Dataset items:
= Beginning of Section =

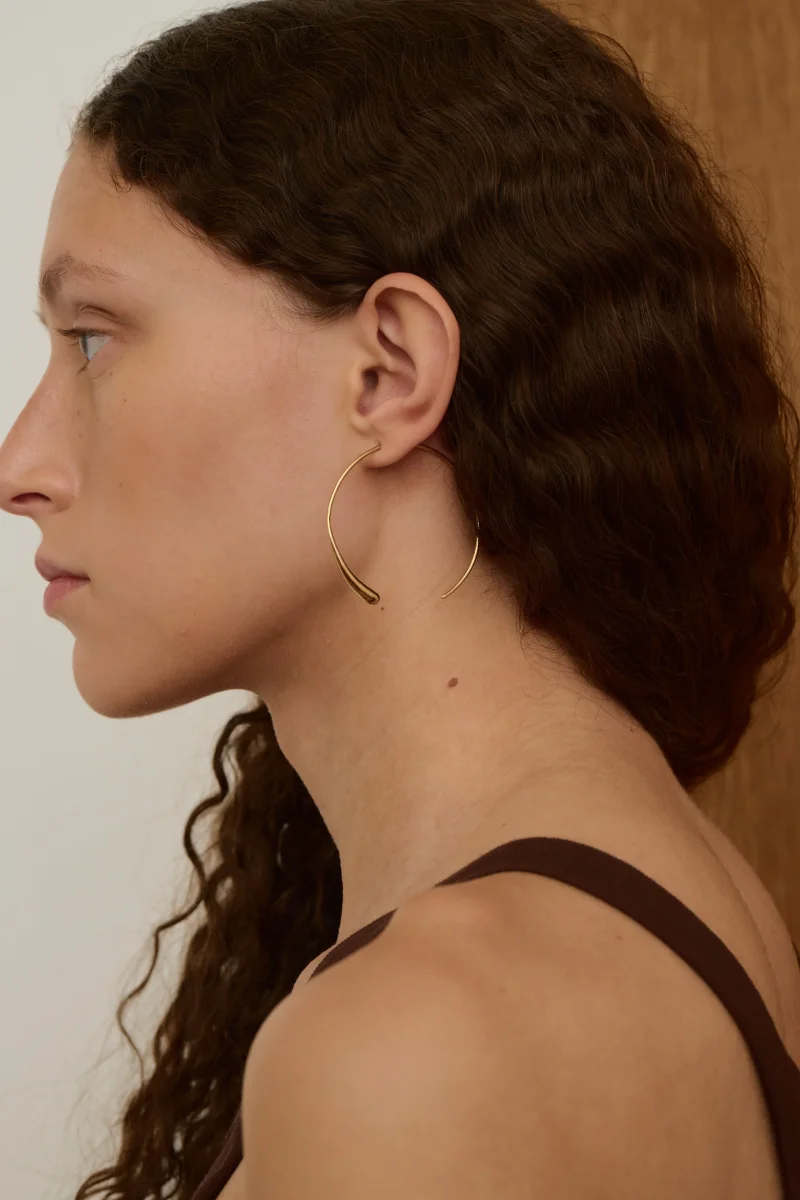 CRÉOLES 45 GOLD – Image 3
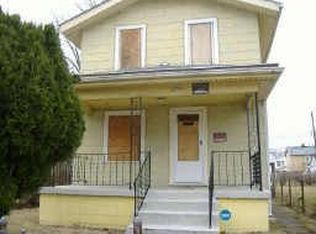 1157 Peters Ave, Columbus, OH
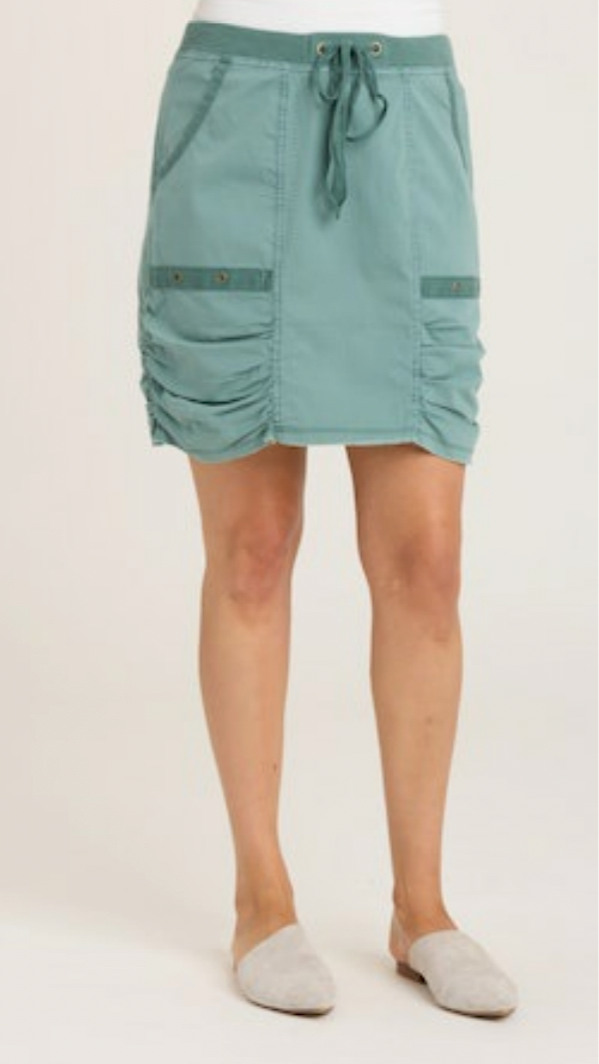 Wearables Leland Skirt - Multiple Colors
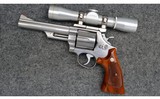 S&W ~ 629-1 ~ .44 Mag - 2 of 4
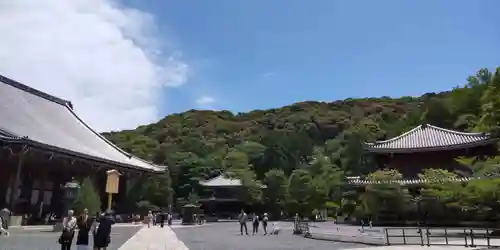 知恩院(京都府)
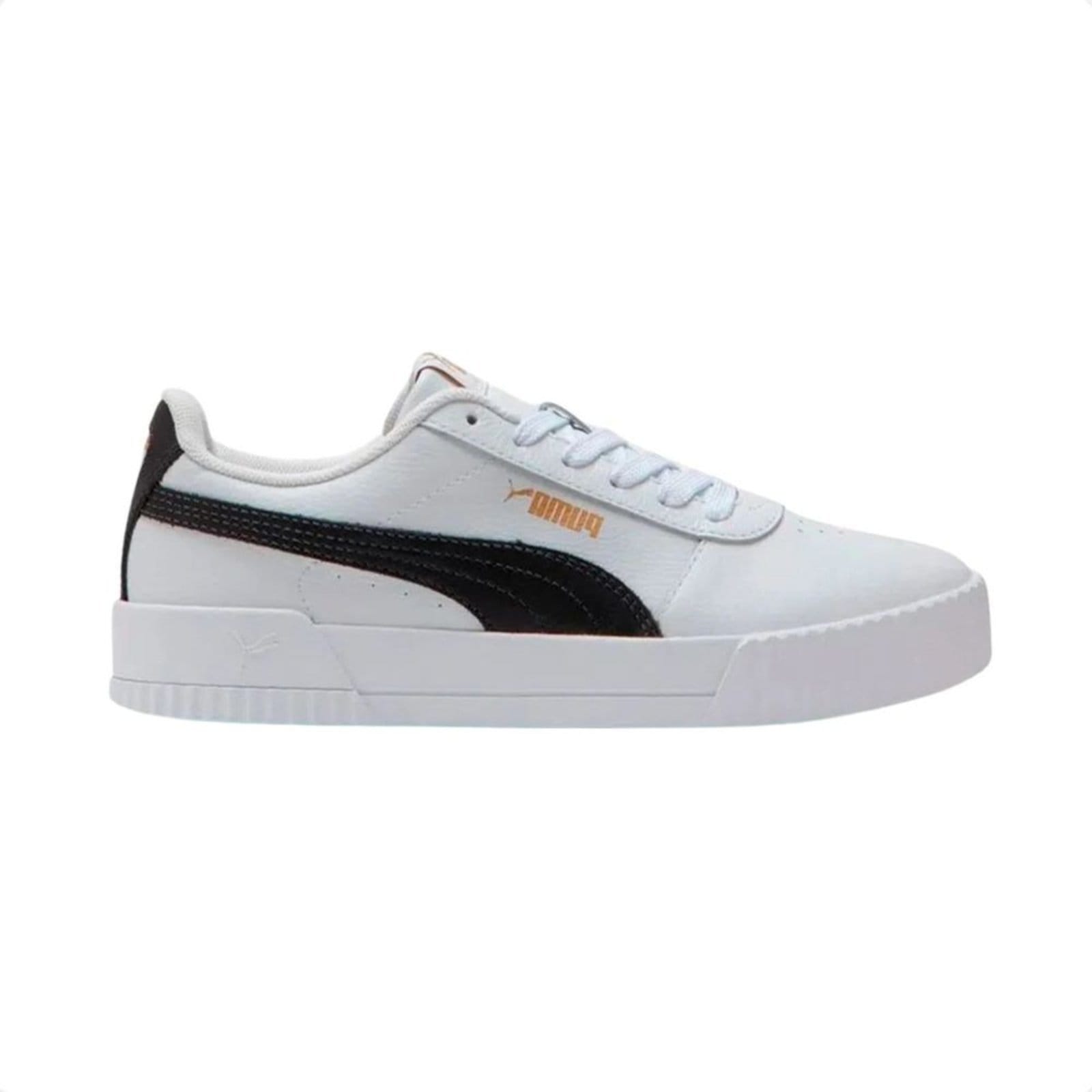 Tênis Casual Feminino Puma Carina L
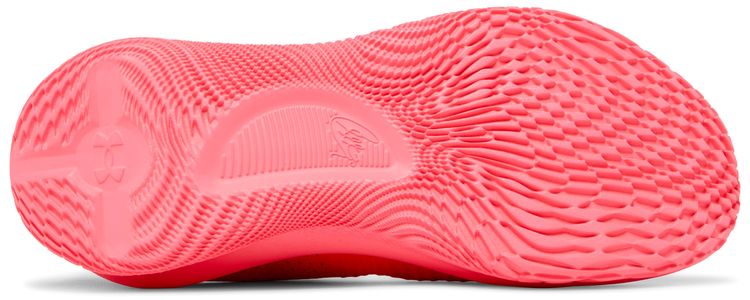 Curry 4 Low FloTro Flooded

= End of Section =

__Exercise aim__: Only the lines from the one containing "1157 Peters Ave, Columbus, OH" through the final line of the records should be retyped, exactly, with every picture omitted.

__Answer to the problem__:
 1157 Peters Ave, Columbus, OH
 Wearables Leland Skirt - Multiple Colors
 S&W ~ 629-1 ~ .44 Mag - 2 of 4
 知恩院(京都府)
 Tênis Casual Feminino Puma Carina L
 Curry 4 Low FloTro Flooded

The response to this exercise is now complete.